Copy, pictures aside: the lines below from the one that holds "Emissions testing |" through the final line of the listing, both ends included, exactly as they are and nothing else.

## Records supplied
....................
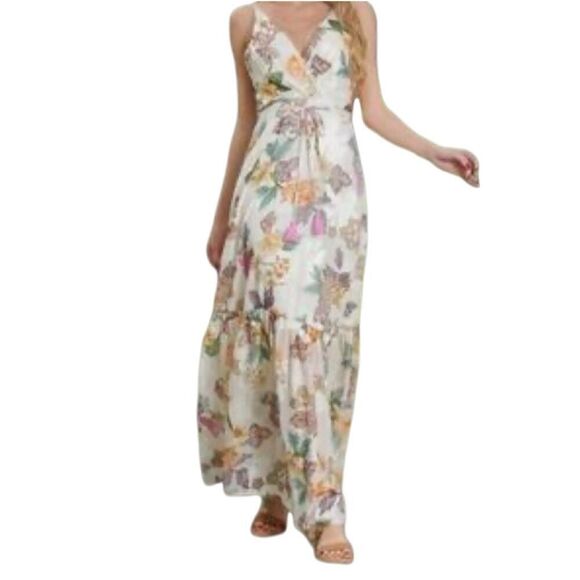 New! Aakaa Floral Maxi Sundress Sz M - Picture 3 of 5
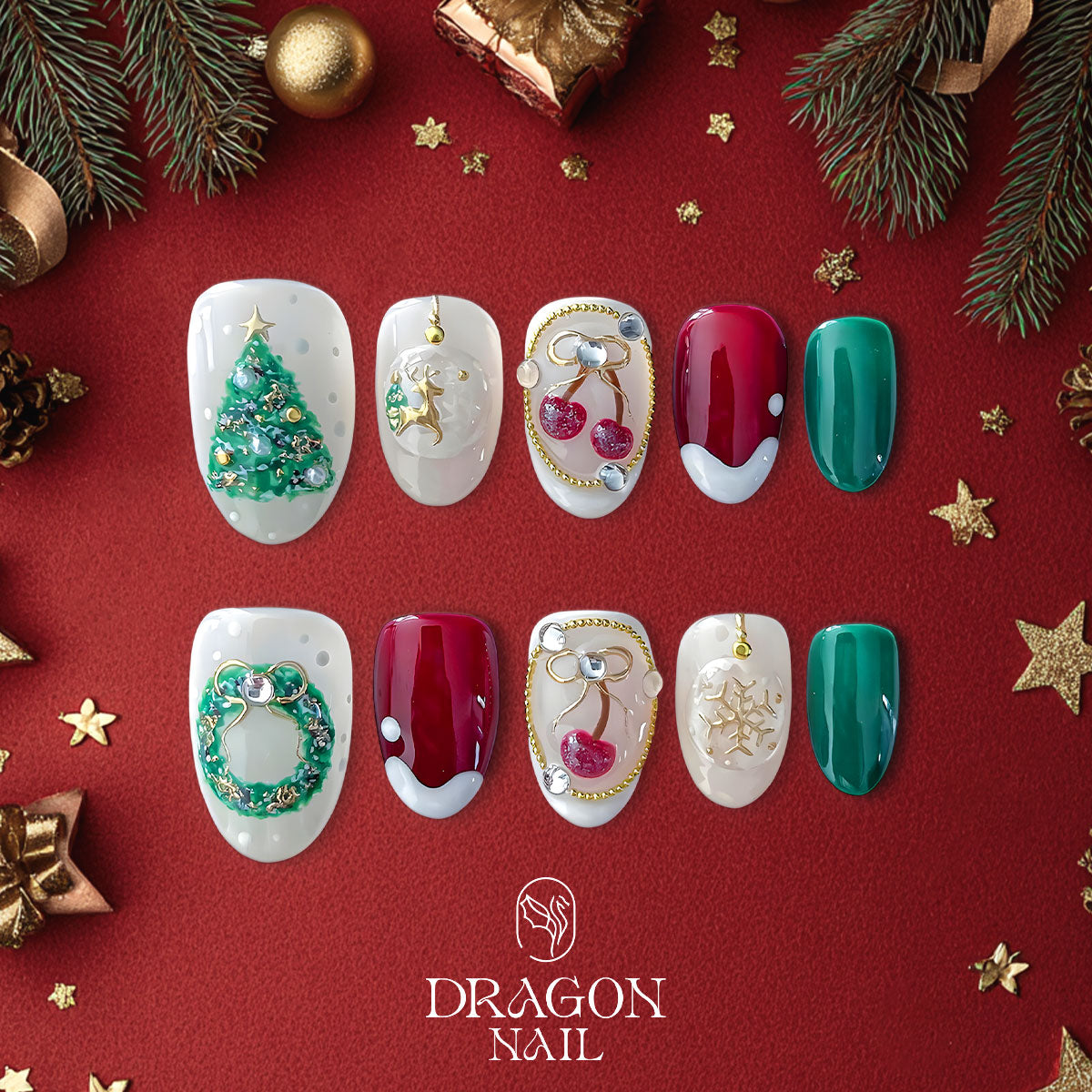 Classic Christmas Nails, Red Green &amp; White Press-On Set, 3D Tree &amp; Wreath Holiday Design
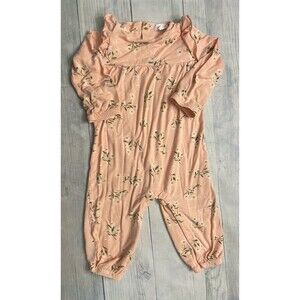 Angel Dear Bamboo Peach Daisies Baby Girl Outfit, Size 12-18 months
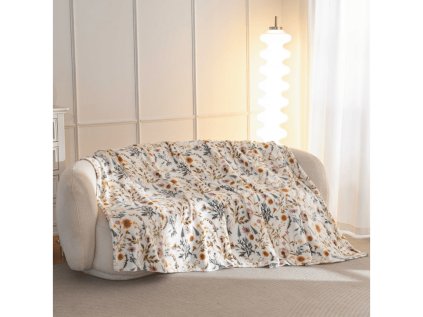 Krémová mikroplyšová deka HERBALIS s květinovým vzorem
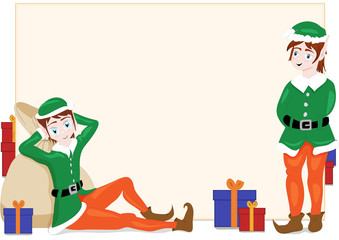 Bigliettino Elfi sfondo bianco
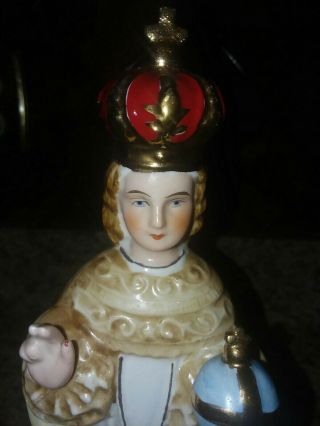 Vintage Infant Jesus Of Prague Porcelain Shafford 2077 Tag 8 3/4 
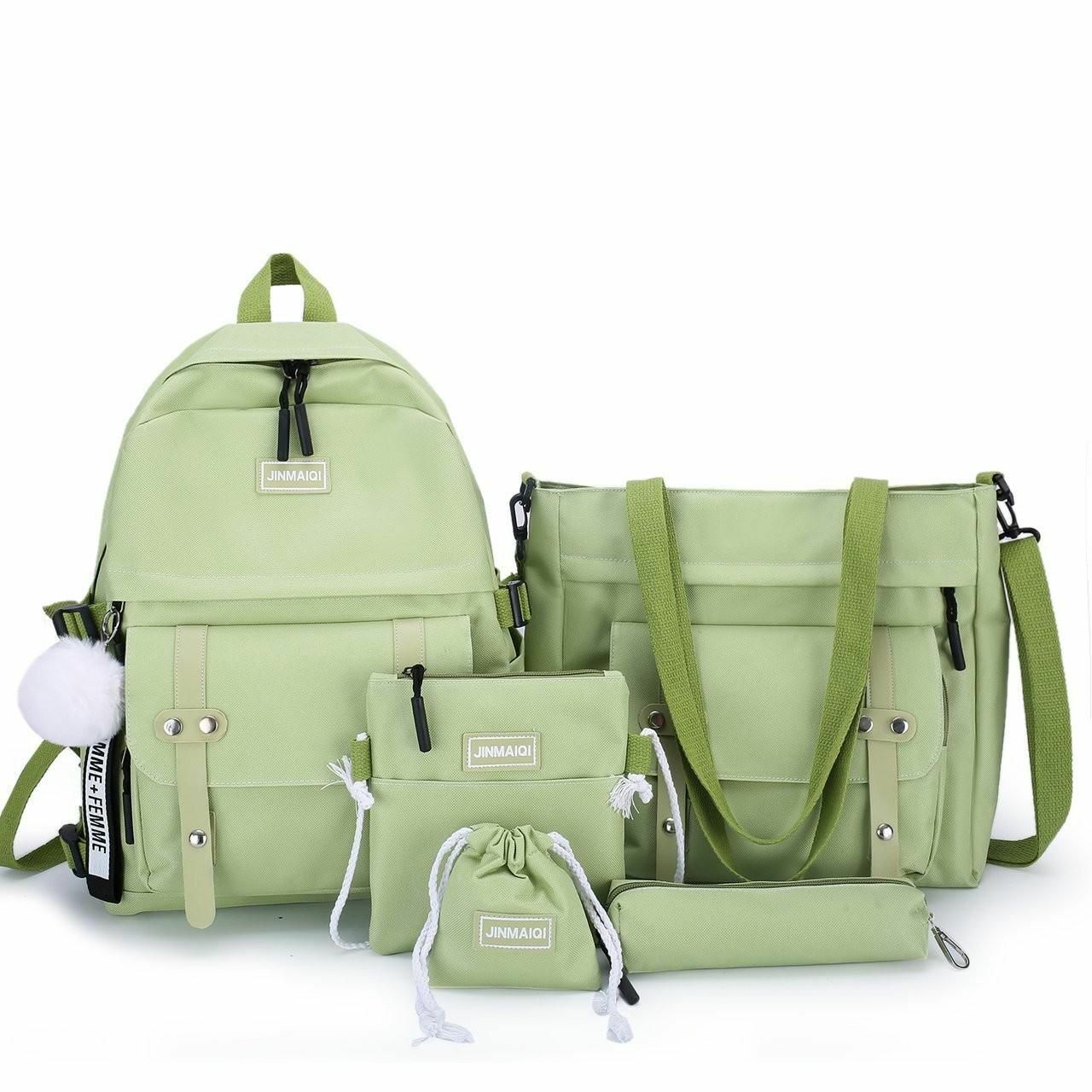 5 Pcs Sets School Bags Teenage Girls Women Backpacks Laptop Travel Bagpack Solid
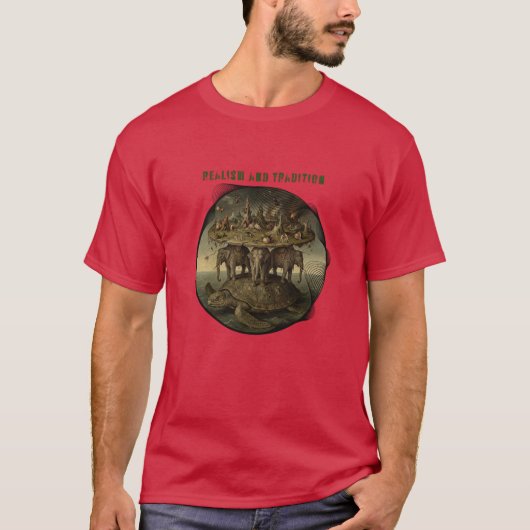 Realism and Tradition Ironic Art: Surreal Medieval T-shirt (Voorkant)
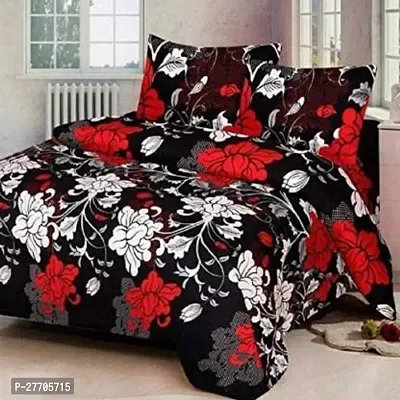 Stylish Polyester Double Bedsheet with Two Pillow Covers-thumb0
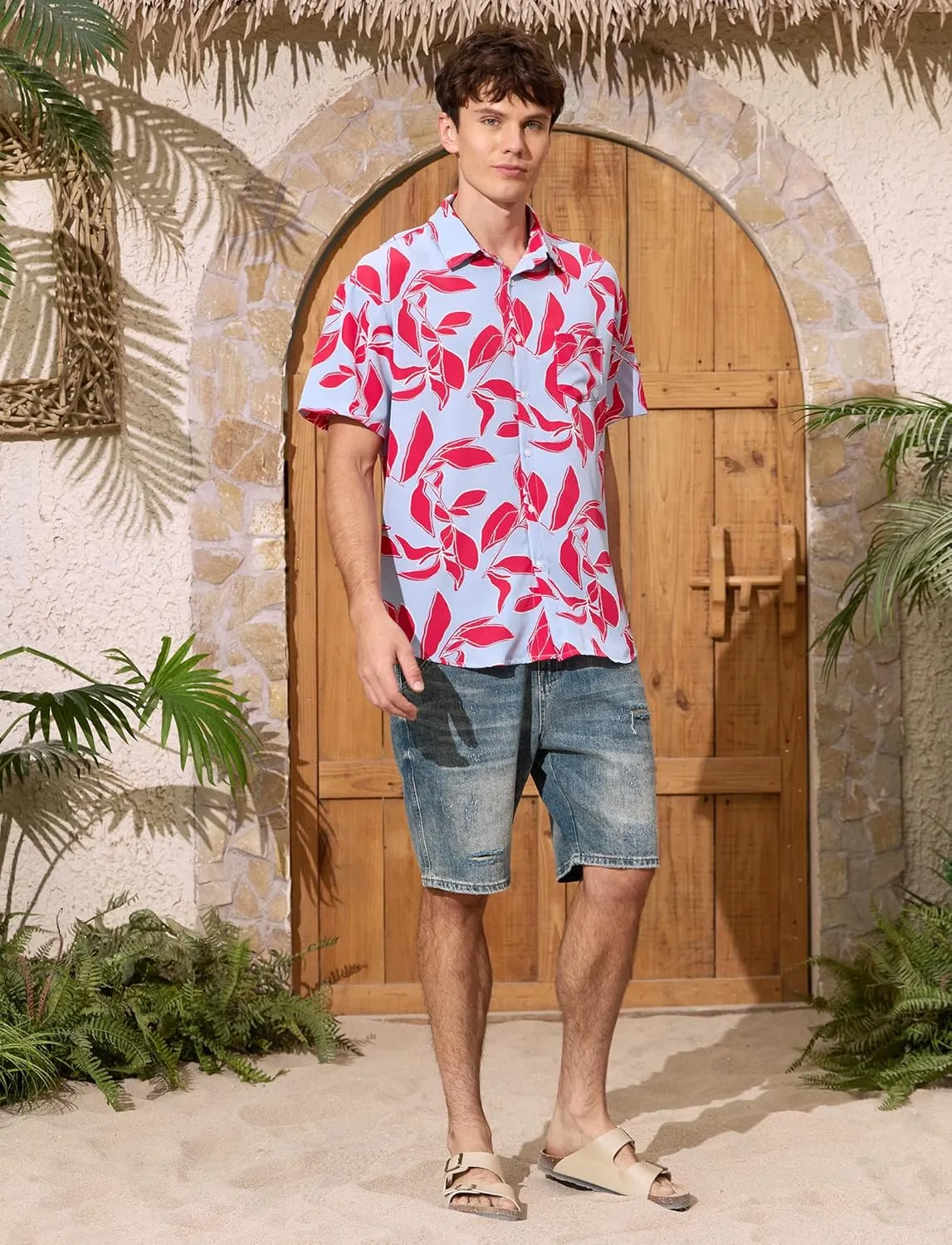 PATPAT Couples Matching Hawaiian Outfits: Beach Vacation Tropical Print Women Spaghetti Strap Maxi Dress or Men Cruise Shirt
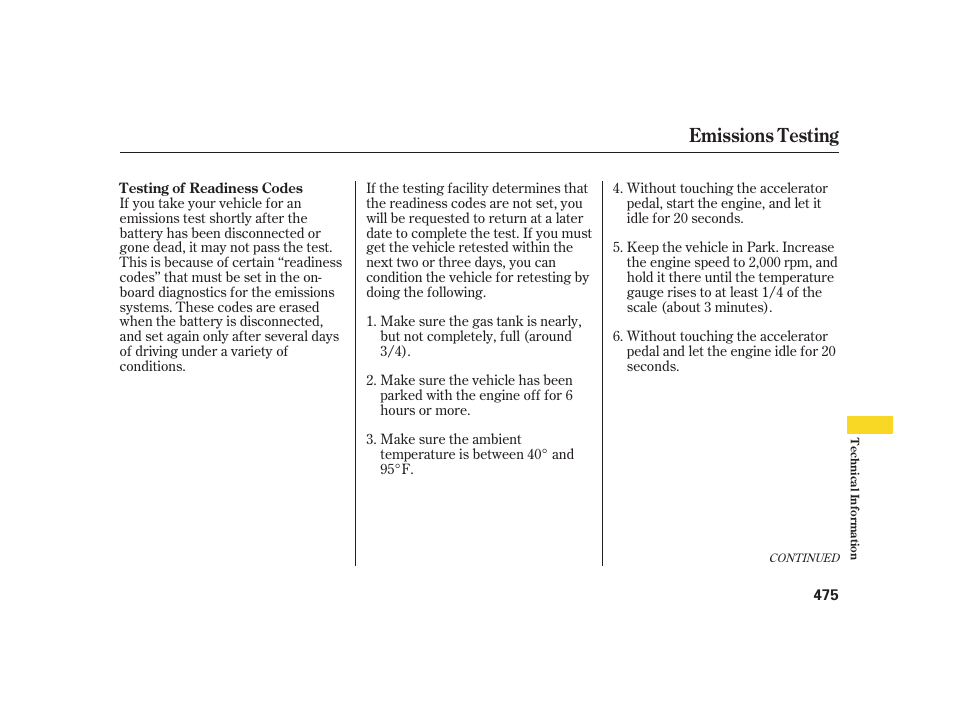 Emissions testing | Acura 2008 RL User Manual | Page 481 / 502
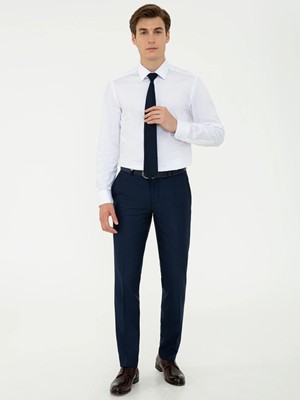 Cacharel Navy Slim Fit Dress Trousers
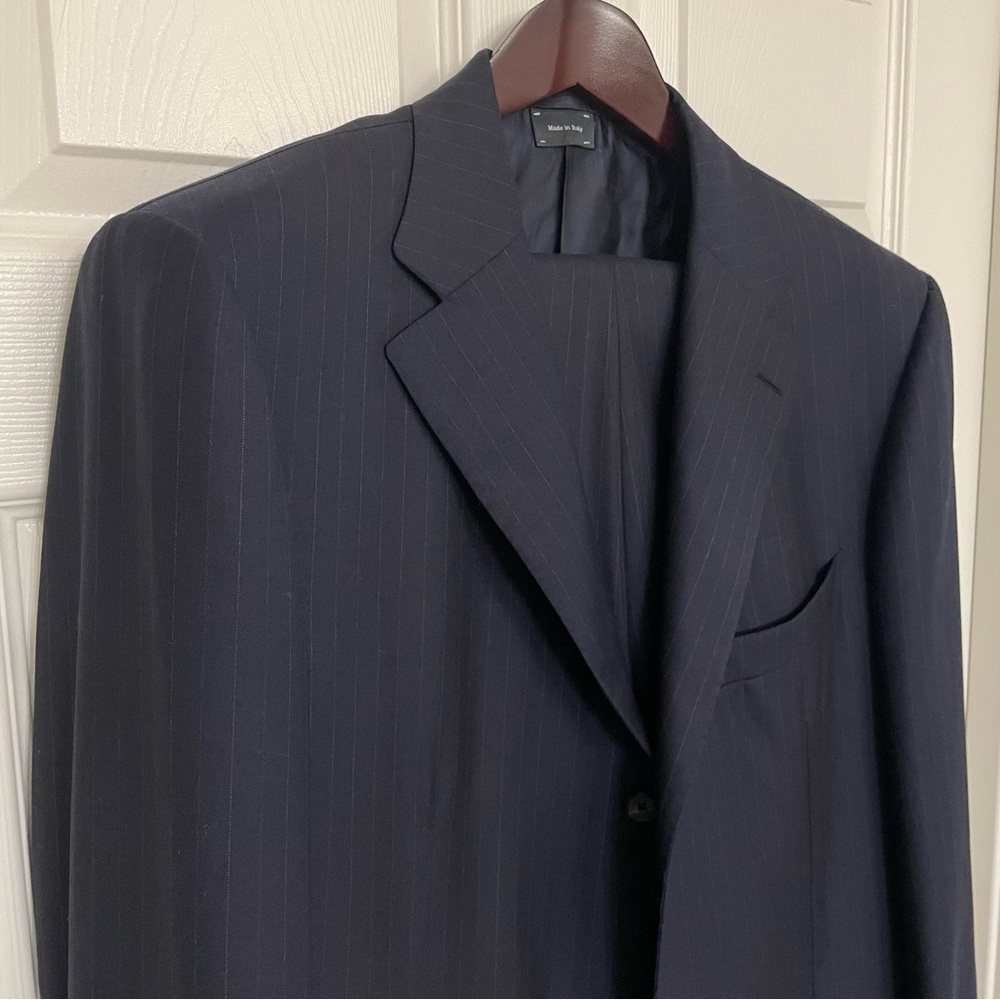 ERMENEGILDO ZEGNA Napoli Couture 44L/36 15MILMIL15 Navy Pinstripe 2-Piece Suit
....................
## Response
 Emissions testing | Acura 2008 RL User Manual | Page 481 / 502
 Cacharel Navy Slim Fit Dress Trousers
 ERMENEGILDO ZEGNA Napoli Couture 44L/36 15MILMIL15 Navy Pinstripe 2-Piece Suit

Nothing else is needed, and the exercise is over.